Congo Crash-30 Die

All 22 on board the plane — 16 passengers and six crew — were killed, as well as up to eight people on the ground

[Africa News Update]

At least 30 people were killed Thursday after a plane crashed in a poor, crowded suburb of Kinshasa right after takeoff, according to a Congolese Ministry of Information official.

Image taken from television shows what remains of one of the Antonov’s two engines.

All 22 on board the plane — 16 passengers and six crew — were killed, as well as up to eight people on the ground, according to Jean-Pierre Eale, an aide to the Democratic Republic of Congo’s information minister.

The Russian-made Antonov-26 crashed into at least one house near a crowded marketplace in the country’s capital, Kinshasa, Congolese officials said.
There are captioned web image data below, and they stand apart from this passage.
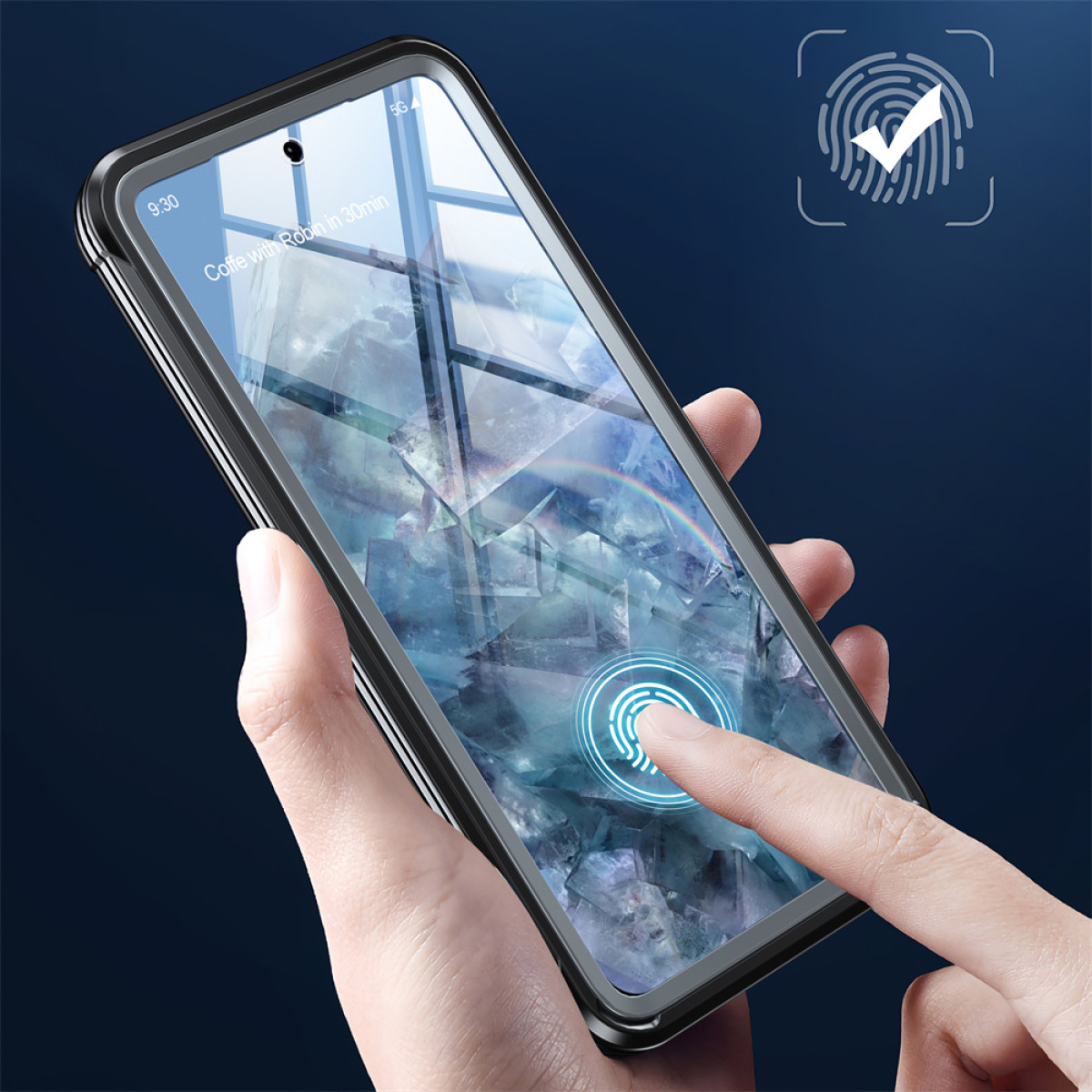 Un dito tocca un sensore di impronte digitali su uno smartphone. È visibile un segno di spunta.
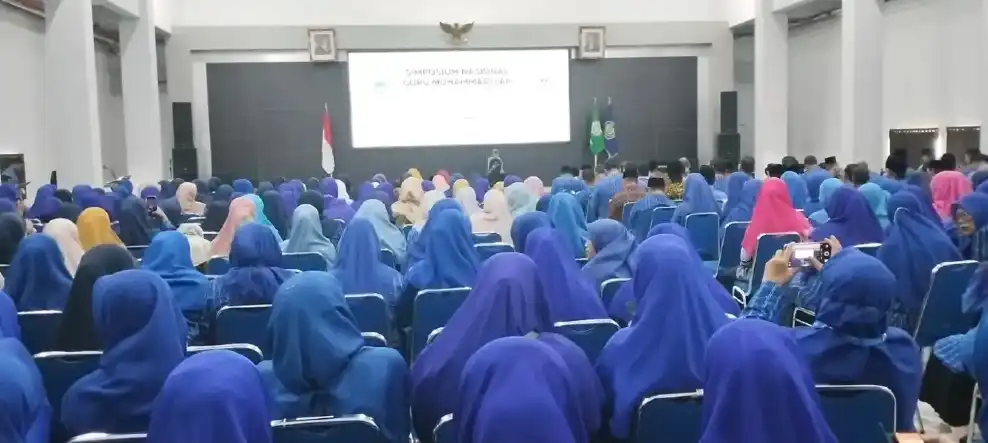 Suara Merdu Siswa SD Muhammadiyah 1 Giri Buka Simposium Nasional Guru Muhammadiyah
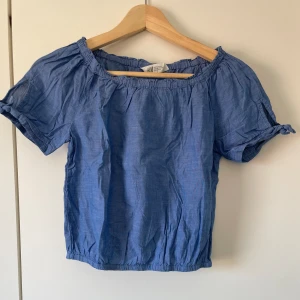 Blus/topp - Säljer denna blus/topp ifrån H&M då den är för liten.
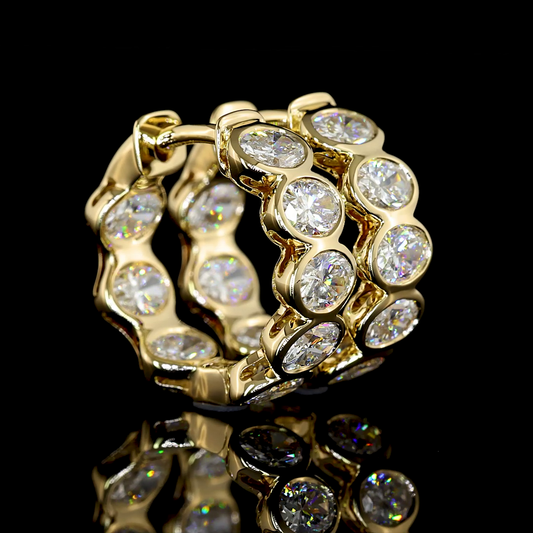 Huggies Earring Oval 14K Yellow Gold ER7848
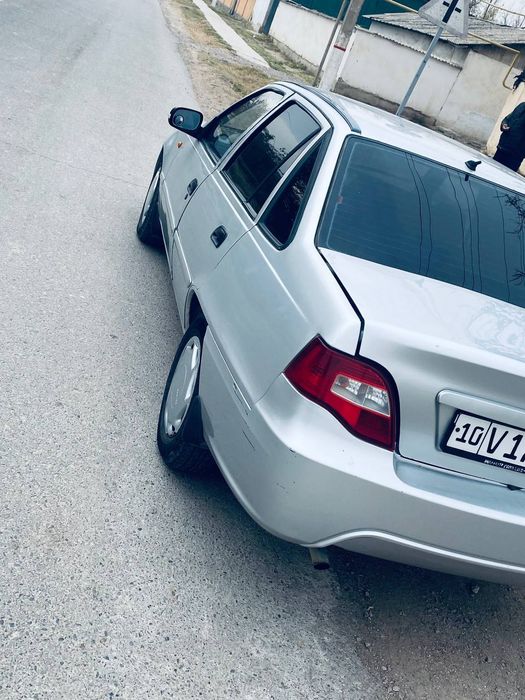 Nexia 2 sonis gibrit sotiladi narxi yana kelishiladi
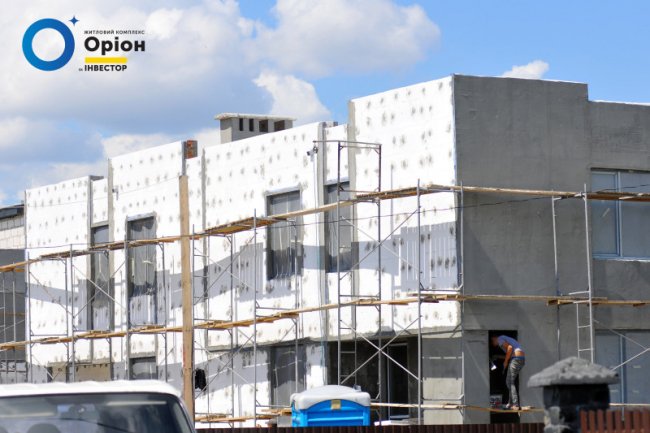 Перші квадрохауси у Луцьку: у ЖК «Оріон» кипить робота. ФОТО*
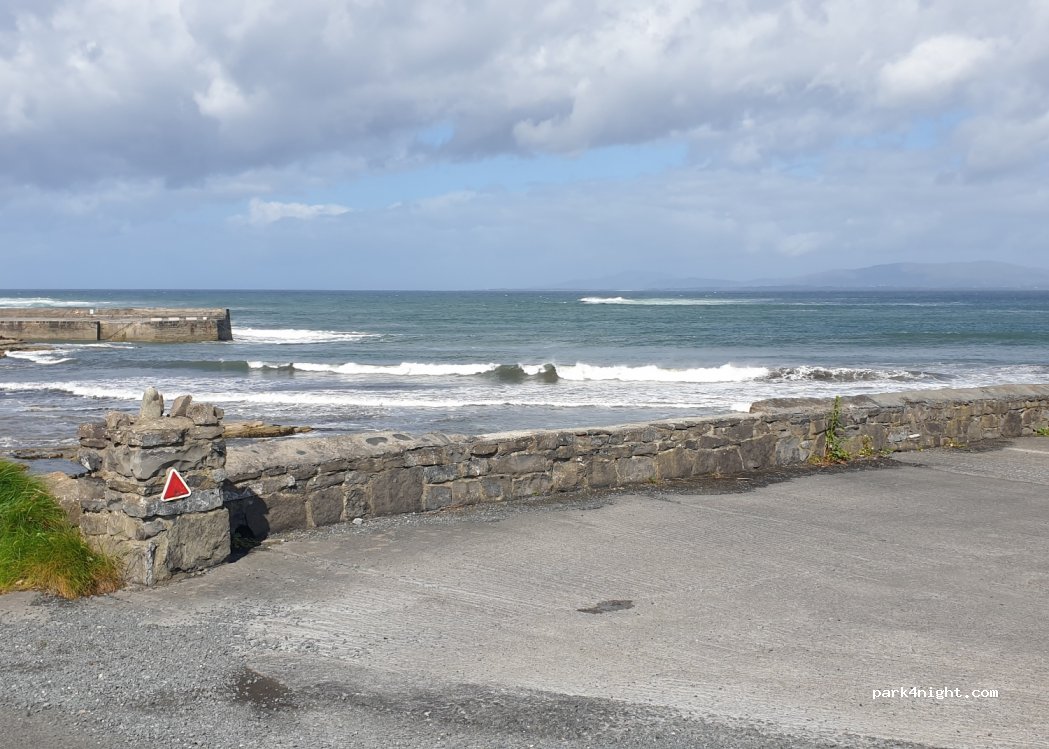 (F94 A371) The Ross - Unnamed Road — foto
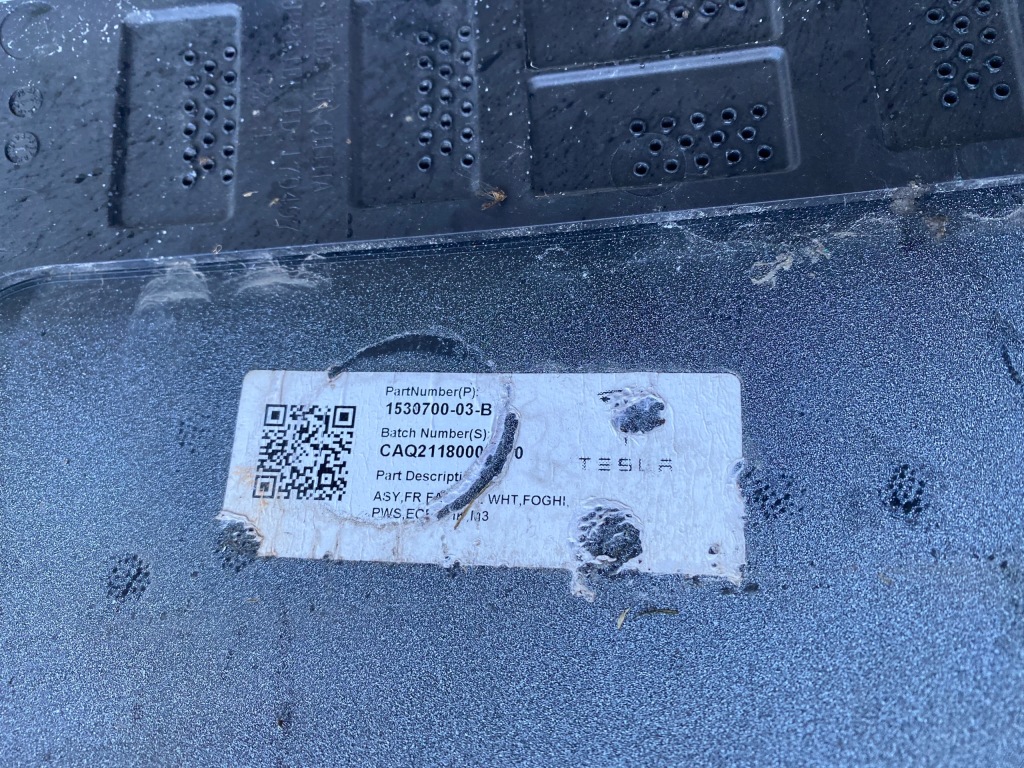 Tesla model 3 бампер перед 1530700-03-b оригинал Оригинал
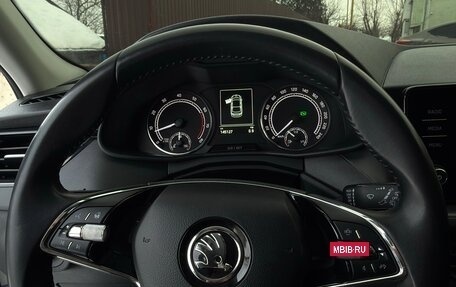 Skoda Rapid II, 2021 год, 1 750 000 рублей, 12 фотография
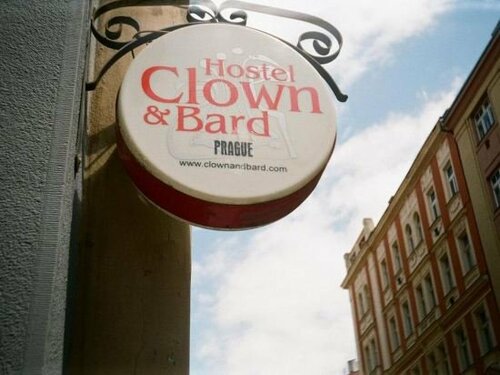Clown and Bard Hostel, Reservar Albergue Albergues em Praga, perto de Palác Akropolis, Albergue
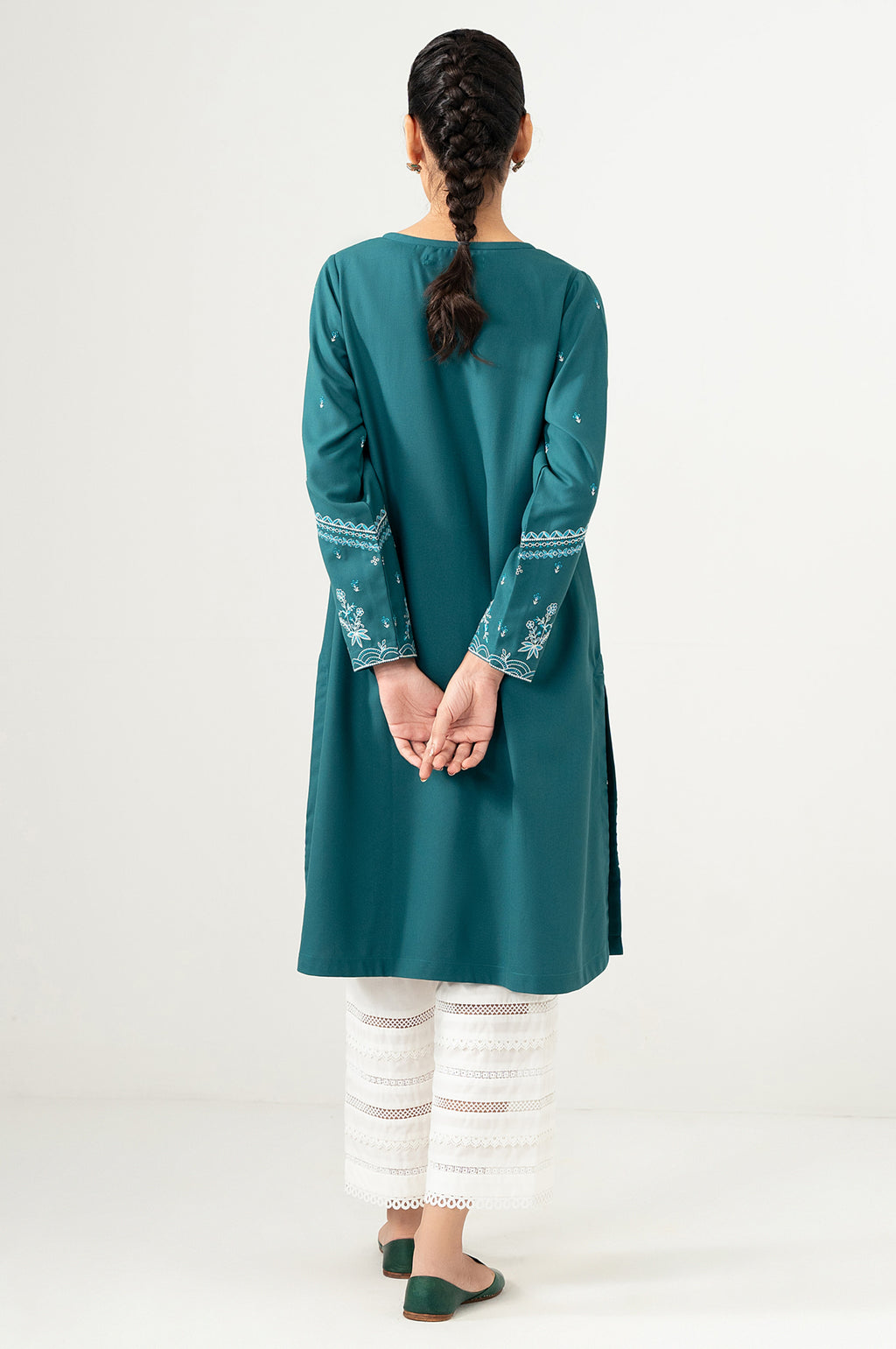 EMBROIDERED TOP
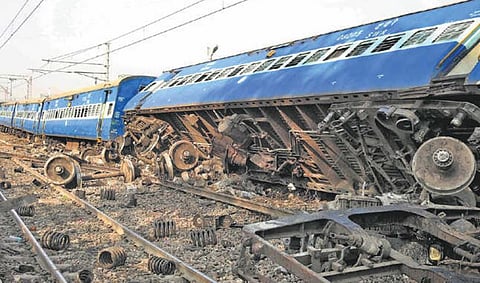 বিহারে যাত্ৰী ট্ৰেন বেলাইন,নিহত ৬,আহত ৩৮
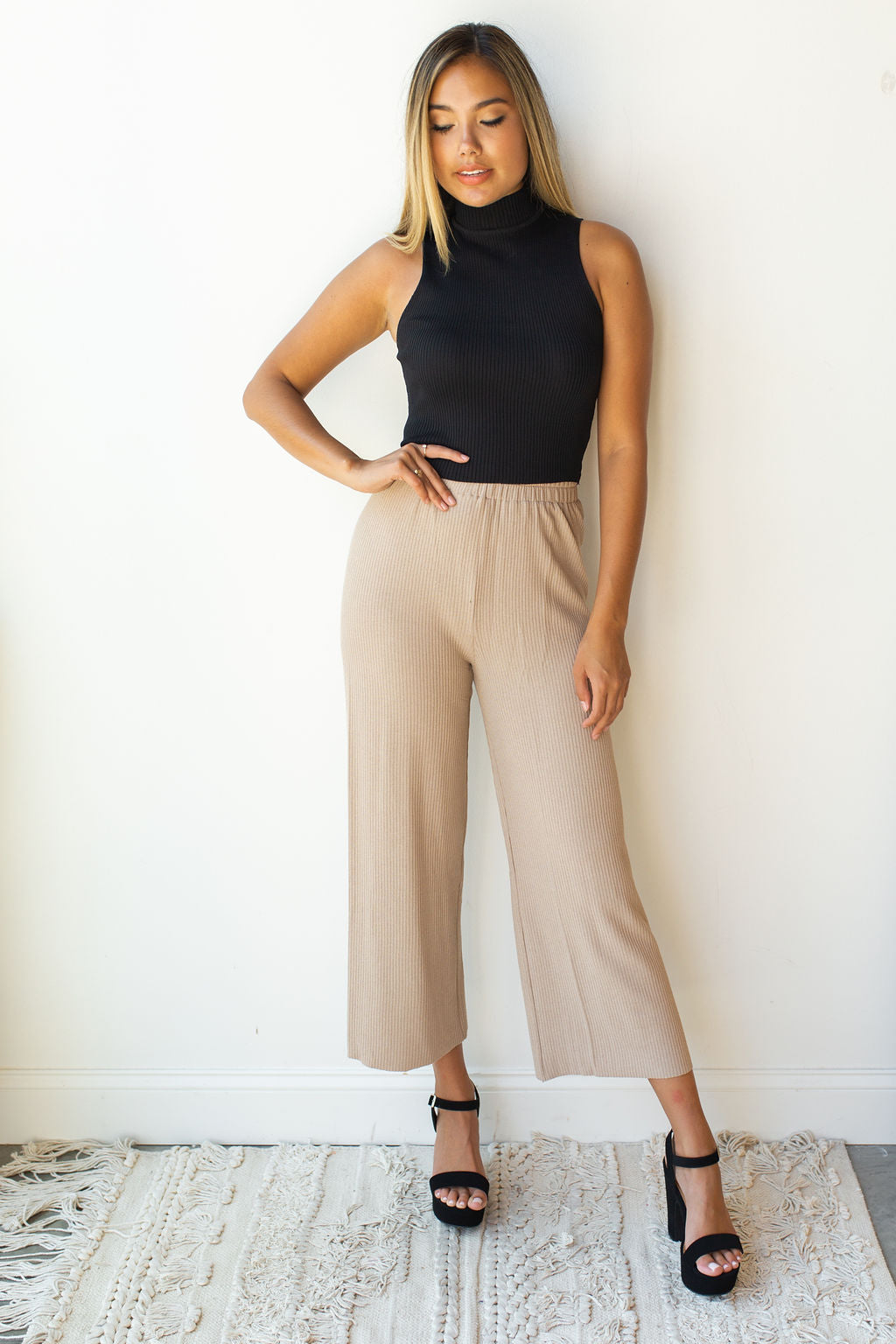 mode, comfort first pants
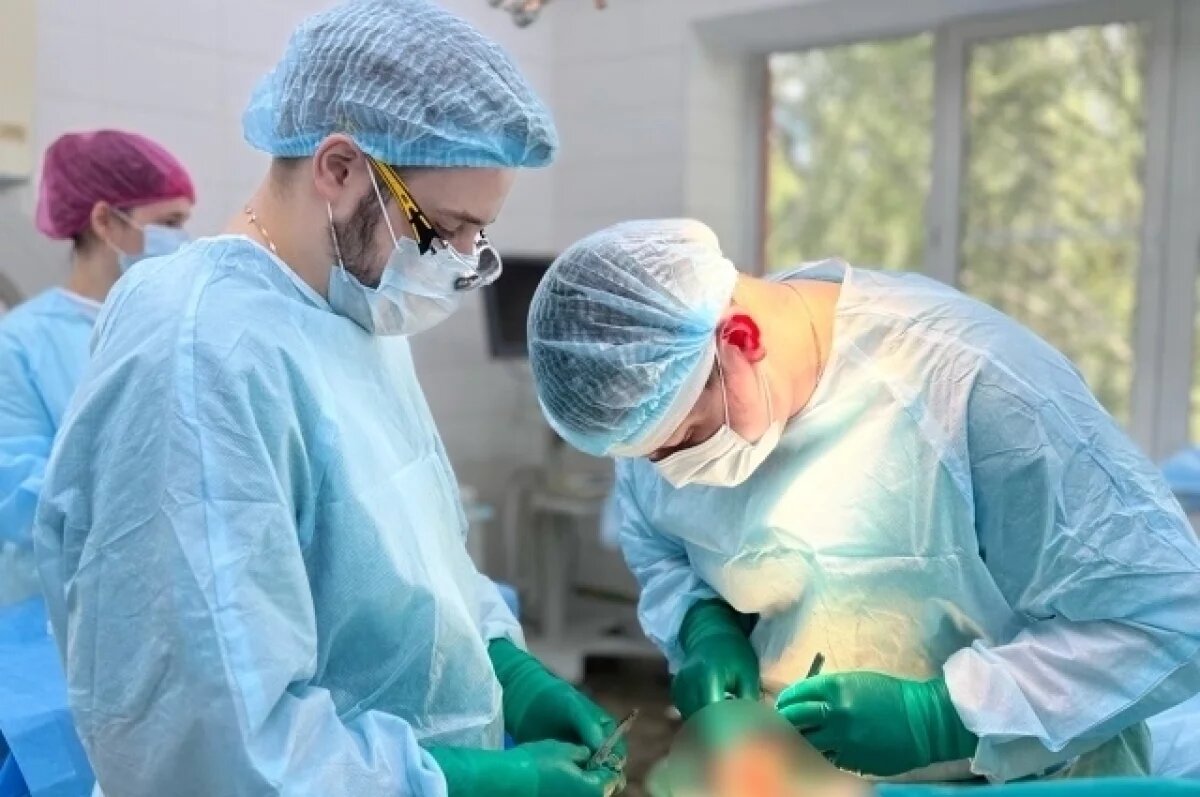    В Ижевске прооперировали мужчину, руку которого затянуло в фрезерный станок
It took off from Kinshasa International Airport, also known as N’Djili International Airport, around 10:40 a.m. en route to Tshikapa in the southern part of the country near the Angolan border, Eale and other Congolese officials said.

A few minutes after takeoff, the plane experienced problems and began dumping fuel before establishing radio contact with the airport’s tower, Eale said. Just as it radioed the tower, the plane crashed into the suburb of Masina, he said.

Video of the scene showed smoldering wreckage, including what appeared to be one of the Antonov-26’s two turboprop engines and the charred remains a building. Dozens of men hoisted a water hose to douse the flames.

Joseph Prior, director of the local Doctors without Borders mission, said he and his colleagues treated around 10 or 15 people who suffered third-degree burns after the plane crashed into their homes. “It was mostly chaos and confusion all over the place,” he told CNN International. He described the neighborhood as “quite a shantytown” with “lots of ramshackle houses.”

The aircraft is owned by local airline El Sam and leased by the Malila company, Congolese transportation official Rashid Patel said. The Democratic Republic of Congo, formerly Zaire, has a dismal aviation record. There have been at least 24 plane crashes since last year — nearly half of them involving Russian-made Antonovs — according to Aviation Safety Network. Ten of the crashes since October 4, 2006, have resulted in 61 deaths.